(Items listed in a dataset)
--------------------

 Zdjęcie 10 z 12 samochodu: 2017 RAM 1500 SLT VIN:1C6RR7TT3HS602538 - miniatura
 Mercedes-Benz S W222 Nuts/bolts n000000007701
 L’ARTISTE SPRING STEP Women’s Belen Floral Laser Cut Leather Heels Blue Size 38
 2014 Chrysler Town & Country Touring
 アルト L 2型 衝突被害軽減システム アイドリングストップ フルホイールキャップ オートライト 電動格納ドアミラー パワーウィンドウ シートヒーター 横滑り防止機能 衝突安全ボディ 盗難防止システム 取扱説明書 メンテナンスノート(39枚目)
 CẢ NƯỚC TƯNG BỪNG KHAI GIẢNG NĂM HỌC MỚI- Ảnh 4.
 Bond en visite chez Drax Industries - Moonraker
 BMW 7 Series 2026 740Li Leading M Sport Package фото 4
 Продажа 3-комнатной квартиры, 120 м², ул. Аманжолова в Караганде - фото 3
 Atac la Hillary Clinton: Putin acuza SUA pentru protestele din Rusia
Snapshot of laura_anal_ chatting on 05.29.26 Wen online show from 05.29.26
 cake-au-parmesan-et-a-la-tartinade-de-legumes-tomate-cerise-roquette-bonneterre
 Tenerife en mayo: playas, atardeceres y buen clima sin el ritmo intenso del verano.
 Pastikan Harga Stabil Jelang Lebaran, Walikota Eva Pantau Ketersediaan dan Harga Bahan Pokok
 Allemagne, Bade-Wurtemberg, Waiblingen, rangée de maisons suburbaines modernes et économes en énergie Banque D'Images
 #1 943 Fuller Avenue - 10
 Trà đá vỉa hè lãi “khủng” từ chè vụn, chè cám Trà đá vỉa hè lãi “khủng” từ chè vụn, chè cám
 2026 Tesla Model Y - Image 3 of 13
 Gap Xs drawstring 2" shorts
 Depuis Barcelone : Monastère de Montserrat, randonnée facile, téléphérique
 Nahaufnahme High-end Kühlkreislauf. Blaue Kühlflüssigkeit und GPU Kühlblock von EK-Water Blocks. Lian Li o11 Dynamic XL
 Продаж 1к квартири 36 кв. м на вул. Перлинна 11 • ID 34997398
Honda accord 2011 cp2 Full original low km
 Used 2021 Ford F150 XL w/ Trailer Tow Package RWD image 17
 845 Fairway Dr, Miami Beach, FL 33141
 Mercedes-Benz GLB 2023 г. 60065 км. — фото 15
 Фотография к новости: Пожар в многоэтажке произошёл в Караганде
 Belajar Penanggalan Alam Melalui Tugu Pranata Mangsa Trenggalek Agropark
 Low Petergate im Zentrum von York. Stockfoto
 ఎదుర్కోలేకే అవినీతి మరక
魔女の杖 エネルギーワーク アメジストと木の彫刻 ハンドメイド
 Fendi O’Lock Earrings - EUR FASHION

--------------------

Up to and including the line that contains "Pastikan Harga Stabil", output the records above exactly, beginning with their first line.

▶ ANSWER SPACE
 Zdjęcie 10 z 12 samochodu: 2017 RAM 1500 SLT VIN:1C6RR7TT3HS602538 - miniatura
 Mercedes-Benz S W222 Nuts/bolts n000000007701
 L’ARTISTE SPRING STEP Women’s Belen Floral Laser Cut Leather Heels Blue Size 38
 2014 Chrysler Town & Country Touring
 アルト L 2型 衝突被害軽減システム アイドリングストップ フルホイールキャップ オートライト 電動格納ドアミラー パワーウィンドウ シートヒーター 横滑り防止機能 衝突安全ボディ 盗難防止システム 取扱説明書 メンテナンスノート(39枚目)
 CẢ NƯỚC TƯNG BỪNG KHAI GIẢNG NĂM HỌC MỚI- Ảnh 4.
 Bond en visite chez Drax Industries - Moonraker
 BMW 7 Series 2026 740Li Leading M Sport Package фото 4
 Продажа 3-комнатной квартиры, 120 м², ул. Аманжолова в Караганде - фото 3
 Atac la Hillary Clinton: Putin acuza SUA pentru protestele din Rusia
Snapshot of laura_anal_ chatting on 05.29.26 Wen online show from 05.29.26
 cake-au-parmesan-et-a-la-tartinade-de-legumes-tomate-cerise-roquette-bonneterre
 Tenerife en mayo: playas, atardeceres y buen clima sin el ritmo intenso del verano.
 Pastikan Harga Stabil Jelang Lebaran, Walikota Eva Pantau Ketersediaan dan Harga Bahan Pokok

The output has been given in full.